Василий Антонович переждал новый прилив крови к голове, сдержался, ответил спокойно:
— Я этого не слышал, Артем Герасимович. Того, что ты сейчас сказал. Иначе надо было бы встать и уйти. А мы еще разговор не окончили. Отношу твою выходку на счет расшатанных нервов. Понимаю тебя.
— Ты слишком великодушен, — мрачно сказал Артамонов. — До отвращения. Я так лицемерить не умею. Я человек открытый. Что думаю, то и говорю.
Выплеснув остатки чая прямо на ковровую дорожку, он налил в стакан боржому, не отрываясь выпил, снова налил и снова выпил, и тогда вылил в стакан все, что осталось в бутылке. Пузырьки газа скапливались на стекле. Василий Антонович следил за их возникновением, за их перебежками и думал о том, как же быть дальше.
— Словом, договариваемся так, — по-прежнему мрачно заговорил Артамонов. — Ты прав, я напишу обо всем в ЦК. Напишу, и мы будем работать. Здорово будем работать. А написать — напишу. Это ты верно. Сам, без всяких кляузников.
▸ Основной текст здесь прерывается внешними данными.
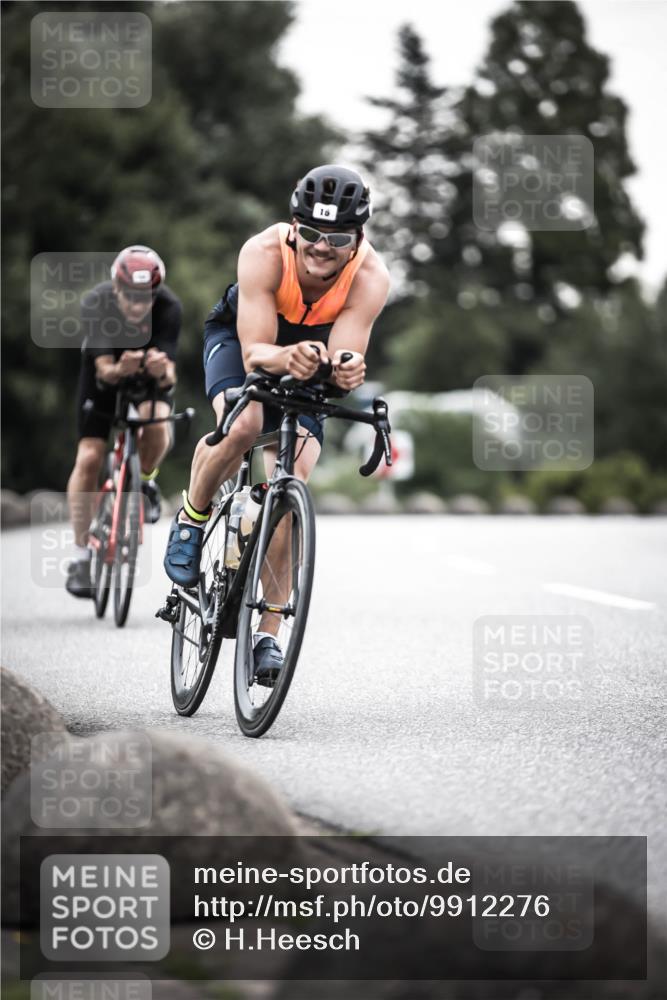 21.06.2026 - 29. Vierlanden-Triathlon H.Heesch http://msf.ph/oto/9912276 21.06.2026 09:52:34 Radfahren 16, 63, 77, 192 meine-sportfotos.de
Меня поймут. Только, знаешь, не торопи. Это не легко. Надо всему собраться, провести в себе полную внутреннюю мобилизацию. Верно же?
— Думаю, что верно. Я рад за тебя, Артем Герасимович. Рад, что и ты пришел к такому решению. Нельзя, понимаешь… Мы — коммунисты… Мы не имеем права обманывать людей, водить их неверными дорогами. Если сами не видим, где дорога правильная, если не можем одну от другой отличить, значит, сказать об этом надо людям, пусть и они помогают ее искать, или пусть без нас с тобой, сами обходятся. Но только не обманывай людей.
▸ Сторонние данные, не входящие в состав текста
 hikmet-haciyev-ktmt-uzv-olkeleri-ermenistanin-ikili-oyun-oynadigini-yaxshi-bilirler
— Прав, прав, — согласился Артамонов. Он, видимо, очень устал от такого разговора, время было позднее, часы показывали третий час ночи. — Я тоже рад. Рад, что мы поладили, что ты помог мне принять решение. Спасибо. — Потом он сказал: — Пойдем-ка ужинать. Да, может быть, у меня и переночуешь?
Василий Антонович отказался. Нет, нет, ему надо быть рано утром в Старгороде. Дел много. Терять времени не может. Поспит в машине.
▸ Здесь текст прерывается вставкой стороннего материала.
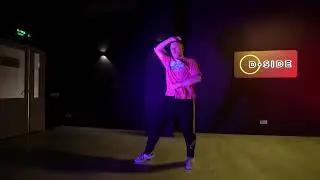 Jazz-Funk dance | #dance #top #hit #choreo #jazzfunk #рекк 🔥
— Сам знаешь нашу жизнь, Артем Герасимович.
Они хорошо распрощались. Василий Антонович уехал. Теперь ему было понятно, почему так сдержанно и с виду высокомерно вел себя полтора года назад Артамонов при вручении ему награды. Он же знал, что под этой наградой нет никакого фундамента, что она основана на песке. Он, может быть, не предугадывал всех последствий этого, но ему отлично было известно, что мясо, о котором с таким шумом область уже отрапортовала, еще не продано и вряд ли будет продано до конца в ближайший год. Он знал, что области грозят бескормица и снижение урожайности в новом году. Все вокруг за него радовались, поздравляли его, а у него от страха подкашивались ноги, цепенел язык. Ему кое-как удавалось сохранять хоть видимость спокойствия. Да, понятно, полученная так награда радости принести не может.